Procedural documents

Procedural documents

These notes locate the Convention among UN instruments, discuss the conditions to be met by such an instrument and the necessary steps to be taken. These notes conclude with a question: under what conditions, if any, might a Convention on the Right to Communicate be achieved.

In the United Nations, the Commission on Human Rights has general responsibility for the development of international instruments in the field of human rights. Three types of human rights instruments are of interest here:


An informal and non-binding instrument.


A formal instrument, but one that is non-binding although it has moral weight.

Convention (or Covenant)

A formal and binding instrument. Once adopted by the General Assembly, a Convention is held open for ratification by member States for a specified time period. A Convention comes into force when it is ratified by a specified number of States, and is then binding on those States that ratify it. The domestic law of the State can then be interpreted in light of the Convention. Other States that do not ratify the Convention may nevertheless implement it, although they are not bound to do so.

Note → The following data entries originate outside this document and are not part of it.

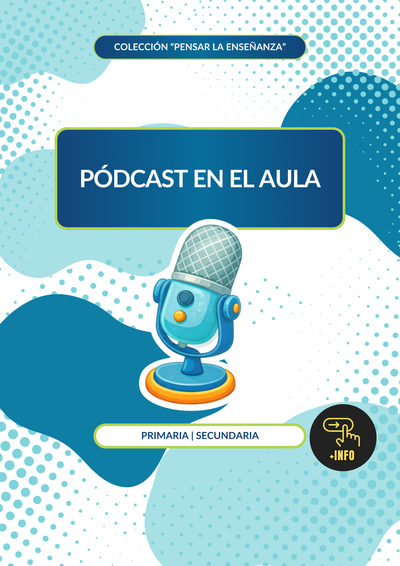 Pódcast en el aula (digital)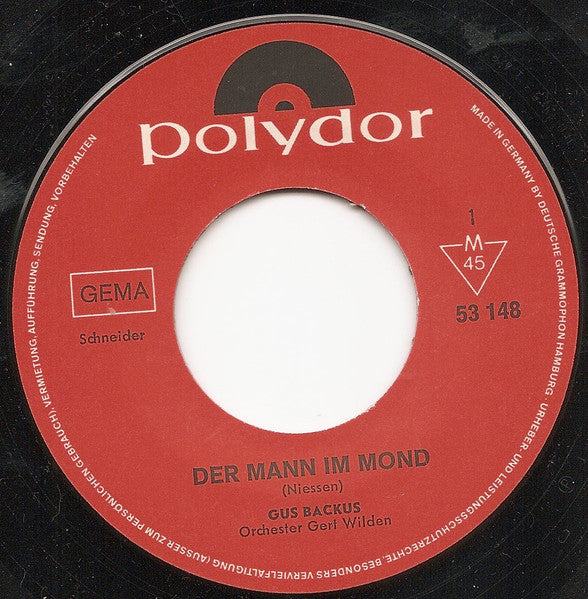 Gus Backus : Der Mann Im Mond (7", Single, Mono)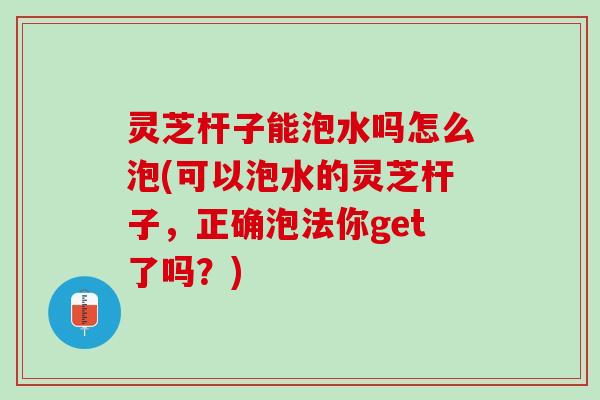 灵芝杆子能泡水吗怎么泡(可以泡水的灵芝杆子，正确泡法你get了吗？)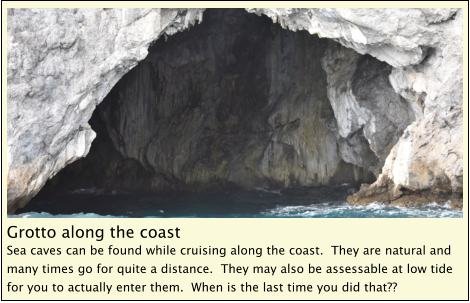 Grotto along the coast Sea caves can be found while cruising along the coast.  They are natural and many times go for quite a distance.  They may also be assessable at low tide for you to actually enter them.  When is the last time you did that??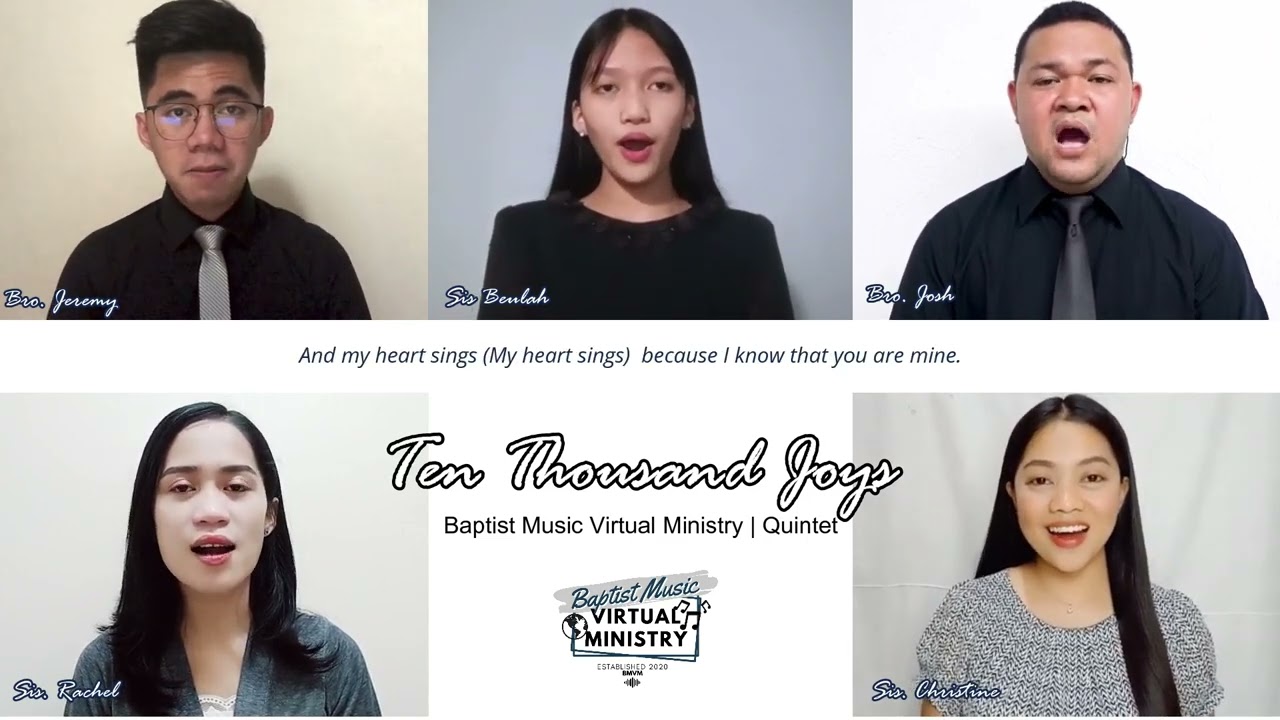Ten Thousand Joys | Baptist Music Virtual Ministry | Quintet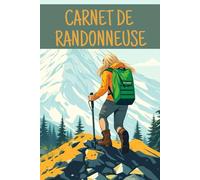 Carnet de Randonneuse: Carnet de randonnées pour préparer et suivre vos balades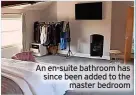  ?? ?? An en-suite bathroom has since been added to the master bedroom
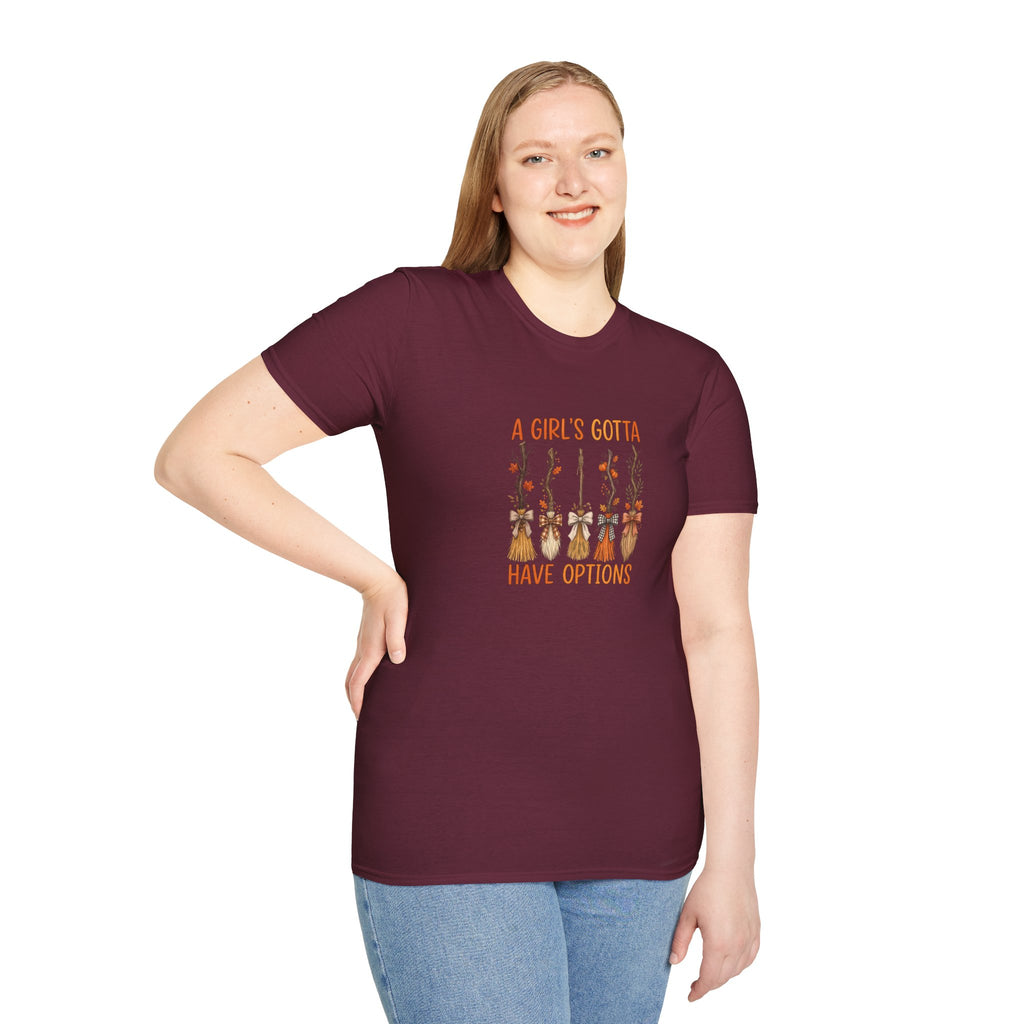 A Girl's Gotta Have Options Witch Brooms T-Shirt — Funny Halloween Gift for Women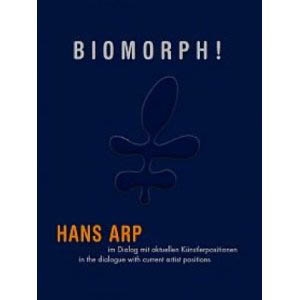 BIOMORPH! HANS ARP in a Dialoque with Current Artist Positions
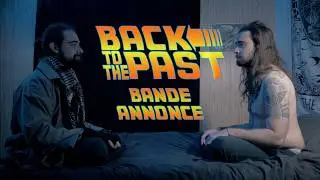 Back to the Past (2024) - Bande Annonce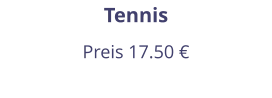 Tennis Preis 17.50 €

The development, adoption, ratification and implementation of a formal Convention on the Right to Communicate is complicated by factors such as:

  • Growing awareness that the right to communicate is a pre-requisite for the exercise of other human rights;
  • High cost of a shift from 'everyone has the right to freedom of...' (as in UDHR Article 19) to 'everyone has the right to the resources for ...', even for basic telephone and postal services; and
  • Continuing change in a global society both in the role of communication and in the nature of the Nation State, which may preclude the development of a Convention that attracts broad international support.

Nevertheless, these factors illustrate both the need for and the difficulty in adopting, ratifying and implementing a Convention on the right to communicate.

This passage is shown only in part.